Weltrekord zu Hause in Brüssel - Regierungsbildung zieht sich seit 289 Tagen hin

Berlin. Belgiens König Albert II. und seine Frau Paola sind zu einem zweitägigen Staatsbesuch in Deutschland eingetroffen. In Berlin wurden sie am Schloss Bellevue von Bundespräsident Christian Wulff mit militärischen Ehren begrüßt.

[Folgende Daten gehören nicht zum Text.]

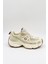 Ithal Kalın Taban Unisex Spor Ayakkabı Bej 1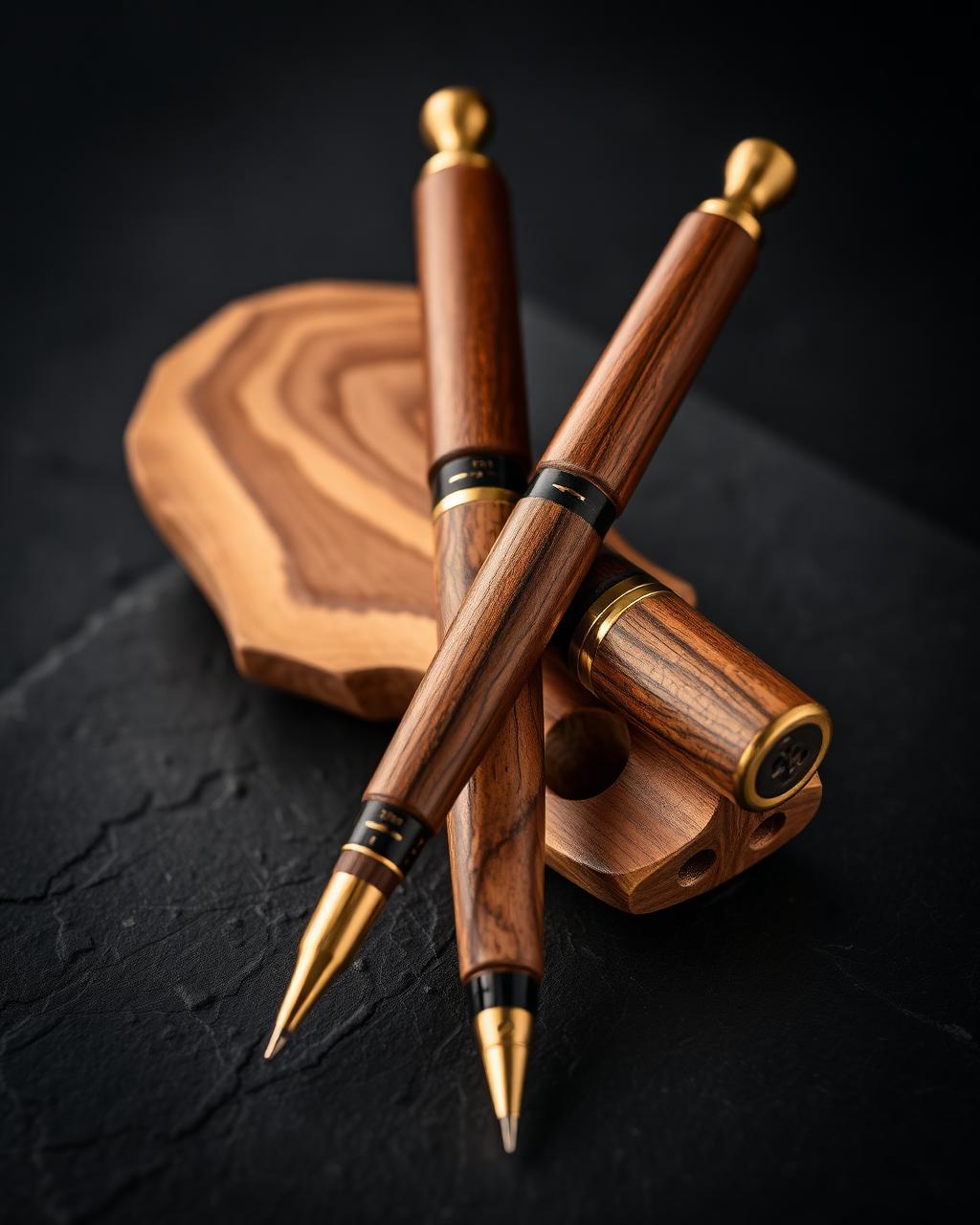 Hand-Turned Pens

Wulff rief zu weiteren Anstrengungen auf, die Währungsunion in Europa dauerhaft zu stabilisieren. Notwendig seien strukturelle Reformen und solides Haushalten in den Mitgliedsländern, sagte er in der Tischrede bei einem Mittagessen. Belgien habe sich vor Ausbruch der Krise wegen des Schuldenabbaus in ganz Europa Anerkennung erworben. "Ich darf Sie ermutigen, bald wieder auf den Weg der Konsolidierung voranzuschreiten", sagte der Bundespräsident.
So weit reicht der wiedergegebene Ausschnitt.